Find out what the new Destinations International guide on involving the local community in tourism brings. We present an overview of six key strategies, the broader context of sustainable destination development, and the reasons why residents’ trust is becoming one of the decisive issues for the future of tourism.

Destinations International publishes a guide to strengthen relationships with the local community and the sustainable development of tourism
Photo by: Domagoj Skledar - illustration/ arhiva (vlastita)

Destinations International publishes new guide to strengthen relationships with the local community in tourism

Destinations International, the global association bringing together destination management organizations, tourist boards, and convention bureaus, published on April 7, 2026, a new handbook titled The Destination Professional’s Guide to Community Engagement. It is a document that offers tourism leaders a practical framework for building trust with local residents, better aligning tourism development with community priorities, and more clearly demonstrating the real impact of tourism on the everyday lives of residents. The guide does not focus on classic destination promotion, but rather on the question of how to make tourism more sustainable in the long term, more socially acceptable, and more politically resilient at a time when the expectations of citizens, local authorities, and the business sector are increasingly high.

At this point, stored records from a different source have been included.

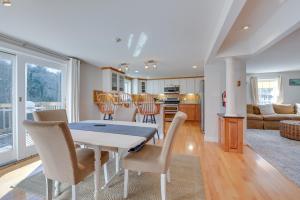 a dining room and kitchen with a table and chairs at Downtown Ogunquit Home 1 Mi to Beach! in Ogunquit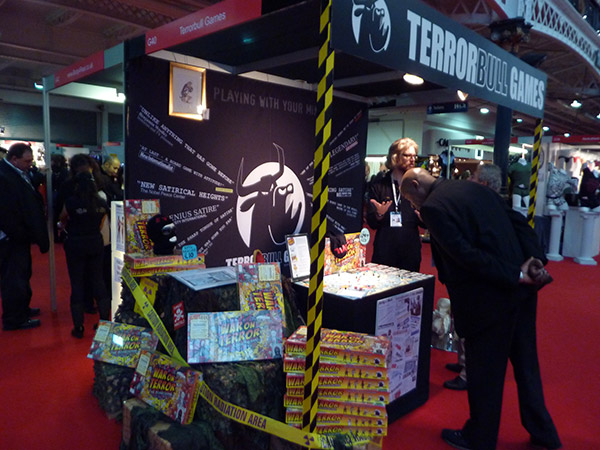 We found our stand worked too well - the colours kept attracting people who would approach just like this gentleman: head first; feet back, ready to make a quick escape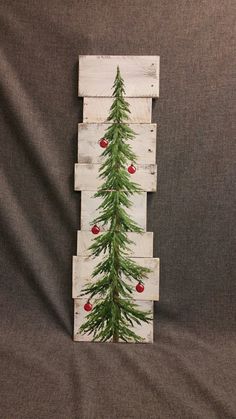 a christmas tree made out of pallet wood with ornaments on the top and bottom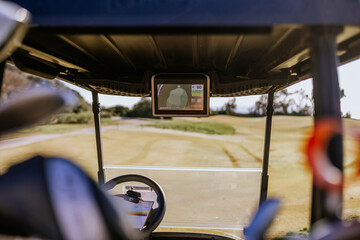 Sotogrande, Spain - January, 23, 2024 - This is a view from the driver's seat of a golf cart,...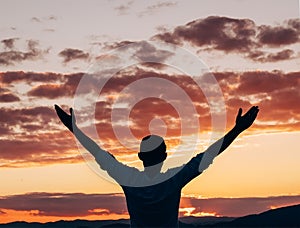 Young man rising up the hands and greeting the stunning sunset orange-pink sky colors over the mountain landscape back view. New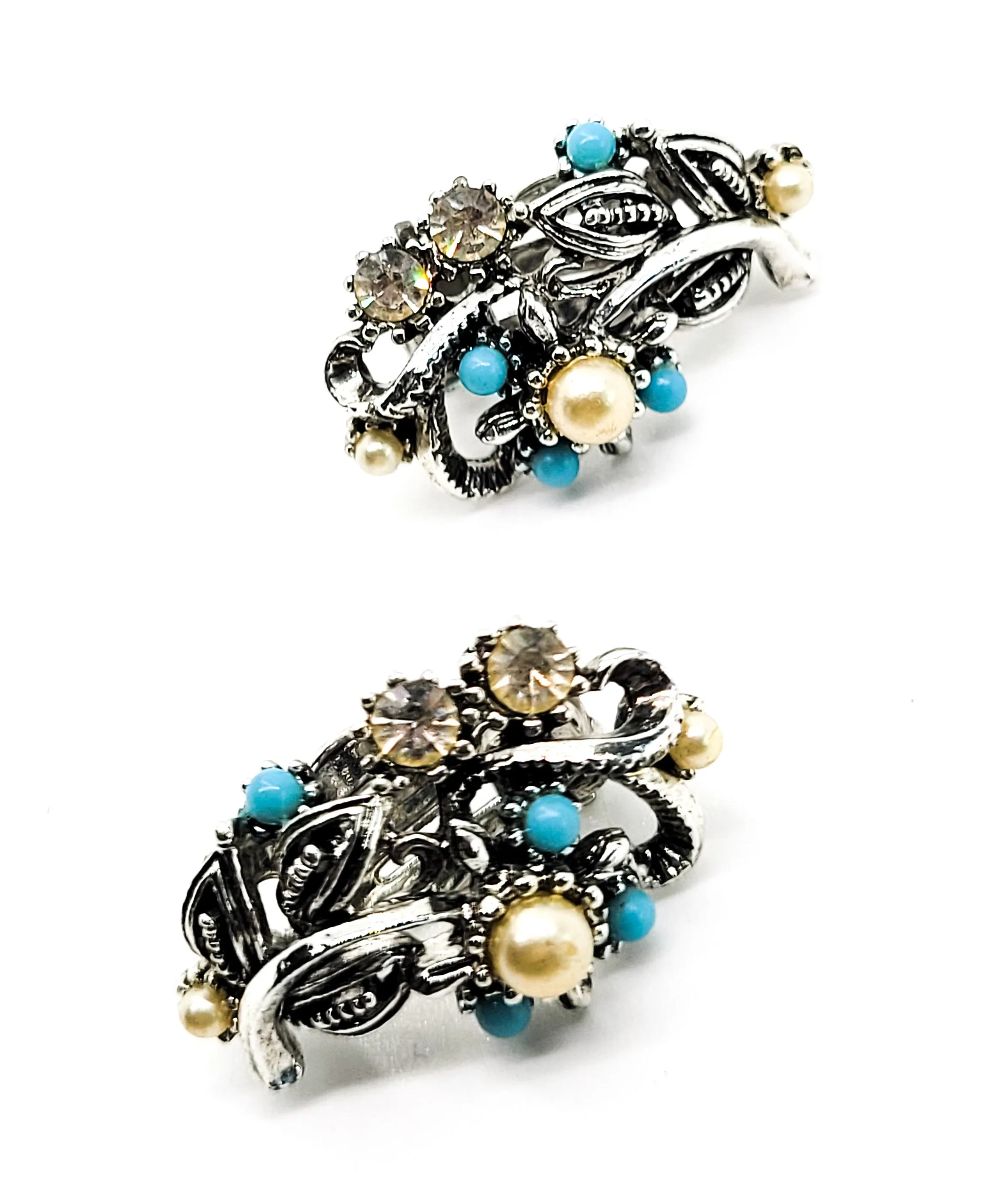 Star signed baby blue silver toned vintage flower earrings with faux pearl accents.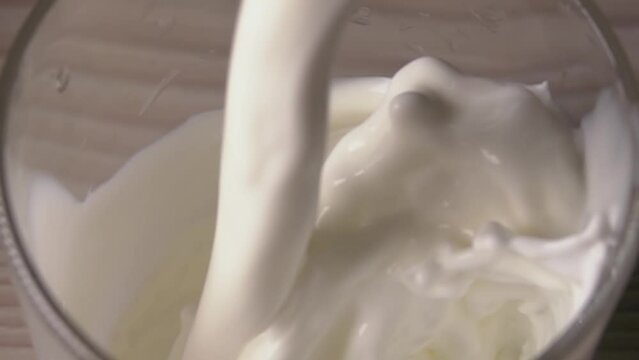Milk is poured into a transparent glass in super slow motion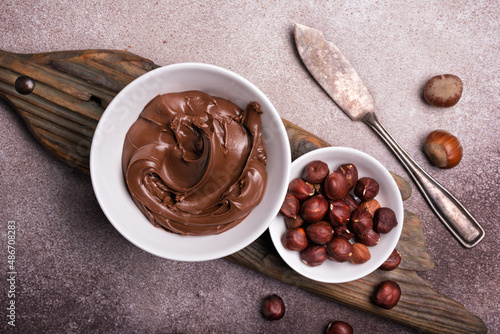 Tasty chocolate cream or sweet nut butter with whole hazelnuts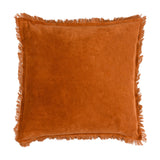 Jaye Velvet Cotton Cushion in rust orange, square with fringed trim along all four edges, plain velvet front shown on a white background.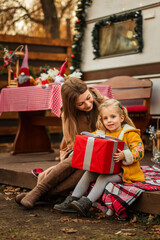 happy family of mother and daughter celebrating Christmas near the trailer with Christmas decorations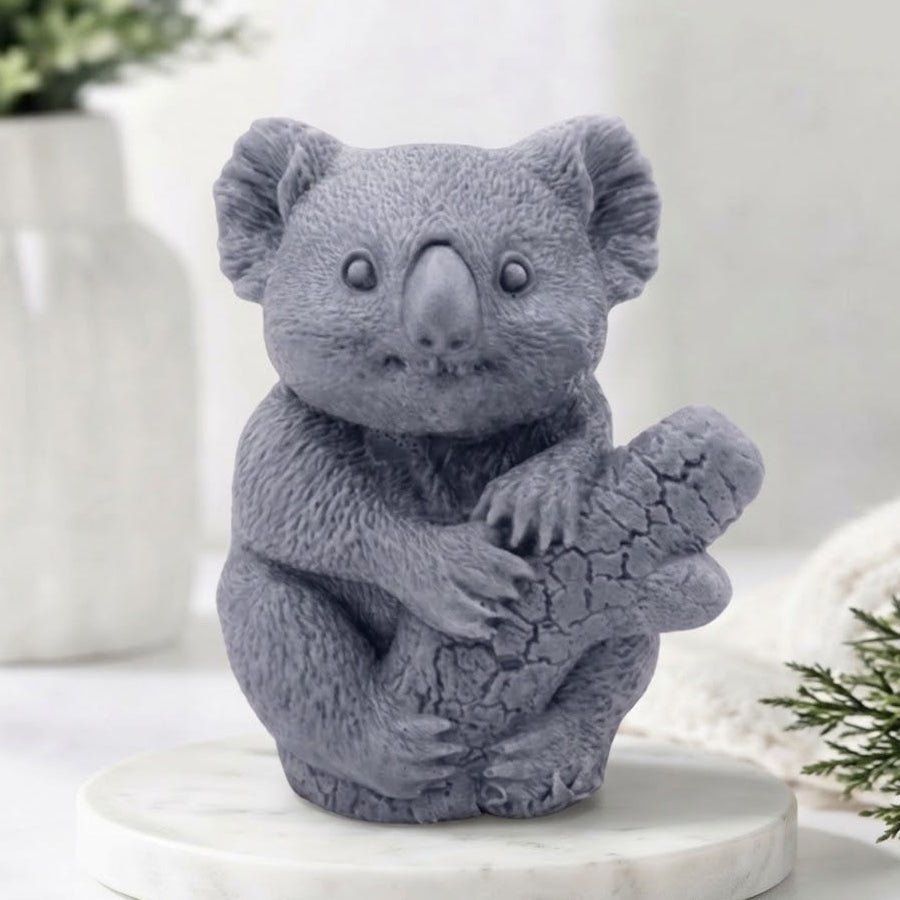 A front-facing photograph of a grey, charcoal-coloured koala-shaped soap bar. The highly detailed soap is sculpted to show textured fur and the koala clinging to a textured log. It sits on a round, white marble disc. In the blurry background, there is a white ceramic vase with green sprigs and a rolled white towel.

By publishing this document, Destinations International sends a clear message that a destination’s success is no longer measured only by the number of arrivals, overnight stays, and visitor spending, but also by how much the local community trusts tourism institutions and sees benefits from tourism development.

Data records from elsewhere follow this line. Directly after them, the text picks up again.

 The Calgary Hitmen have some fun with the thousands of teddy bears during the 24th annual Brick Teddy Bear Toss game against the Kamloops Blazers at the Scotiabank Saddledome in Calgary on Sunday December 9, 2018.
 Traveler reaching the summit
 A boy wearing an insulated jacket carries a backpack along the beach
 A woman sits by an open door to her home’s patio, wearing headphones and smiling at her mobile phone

The guide arrives at a time when, at the global level as well, it is being increasingly emphasized that sustainable tourism must take into account economic, social, and environmental impacts, as well as the needs of visitors, industry, and the communities that live in destinations. It is precisely the relationship with local residents that has become one of the key issues of modern tourism management, especially in environments facing the pressure of growth, changes in the labor market, debates about quality of life, and increasingly demanding expectations regarding the transparency of public decisions. Destinations International therefore positions the new guide as a tool for everyday work, not merely as a theoretical overview of trends, emphasizing that trust is built systematically, through organizational changes, communication, and measurable results.

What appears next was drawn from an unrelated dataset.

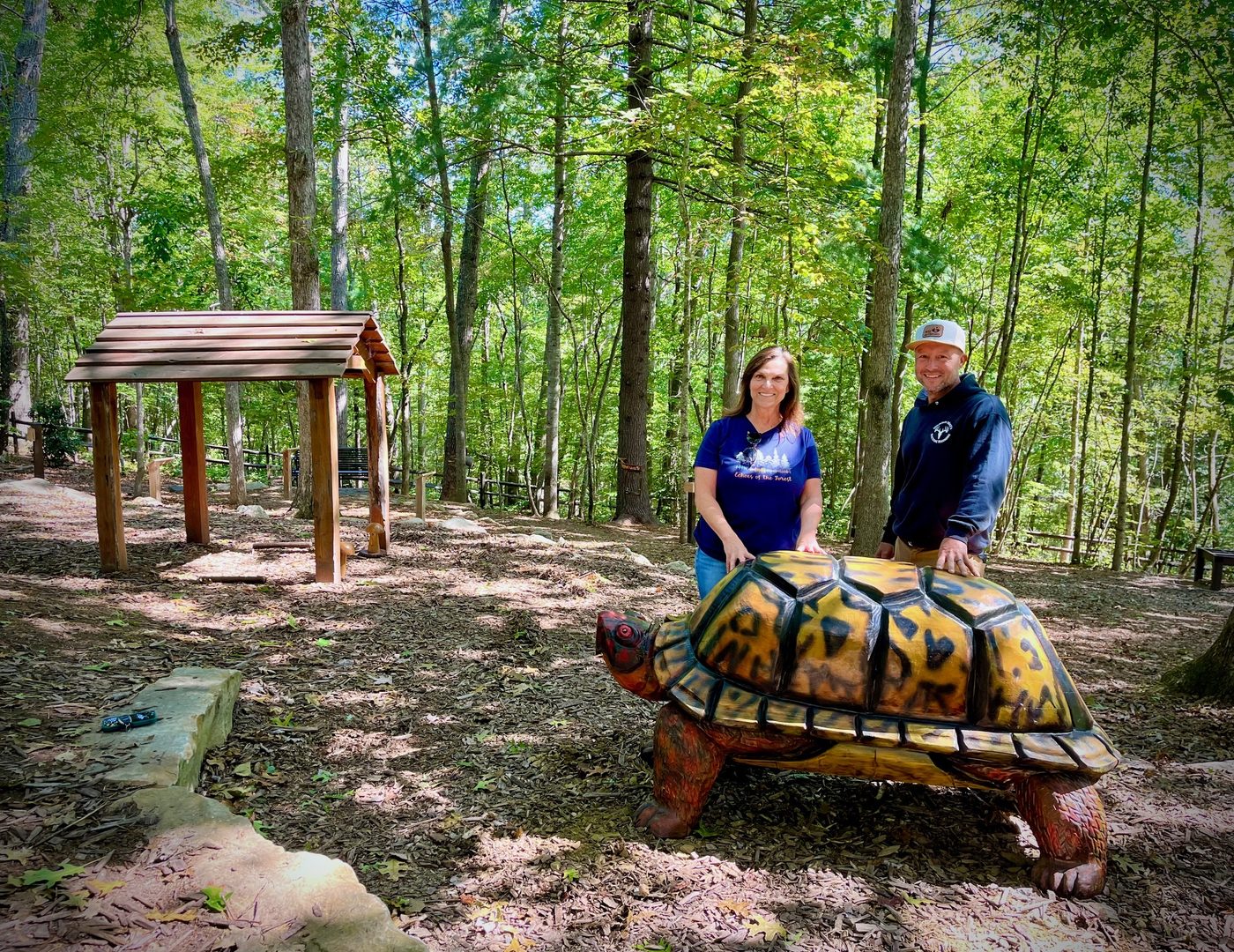 Liisa Andreassen and woodworker Mike Ayers stand beside Shelly the Box Turtle, a hand-carved wooden sculpture installed along a wooded trail at the North Carolina Arboretum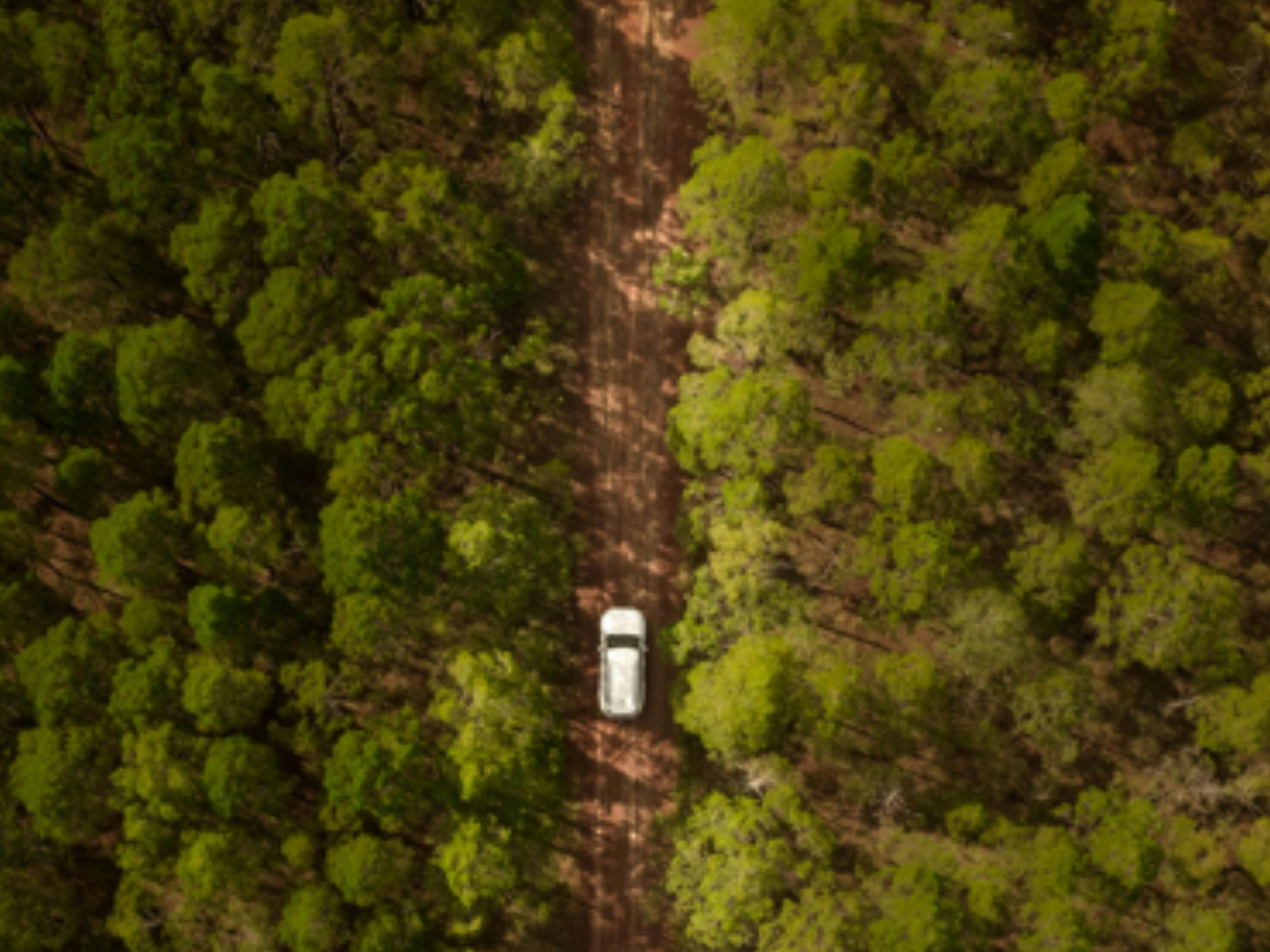 Toyota Prado from aerial view over outback NT bush land.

Tourism organizations are no longer just destination promoters

In the organization’s official announcement, it is stated that destination organizations have significantly expanded their role in recent years. Instead of focusing exclusively on marketing and attracting visitors, they are now increasingly acting as intermediaries between local government, residents, the cultural sector, entrepreneurs, and visitors. Such a change is not accidental. According to the guide itself, modern destination leaders are becoming storytellers of local identity, partnership coordinators, and stewards of place, that is, actors who must take into account how tourism affects the community from within, and not only how the destination is presented outwardly.

This shift from the “place promotion” model to the “place relationship management” model is important also because in many countries pressure is growing to justify public money and institutional capacities in tourism through concrete social impact. If residents do not feel the benefits of tourism, if no one involves them in decisions, or if they see tourism as a source of crowds, rising prices, and pressure on space, local community support begins to weaken. In such circumstances, neither marketing campaigns, nor major events, nor traffic growth in themselves are sufficient anymore. That is precisely why the new guide starts from the assumption that community engagement, that is, active and structured work with the local community, has become an integral part of destination management, and not an additional public relations activity.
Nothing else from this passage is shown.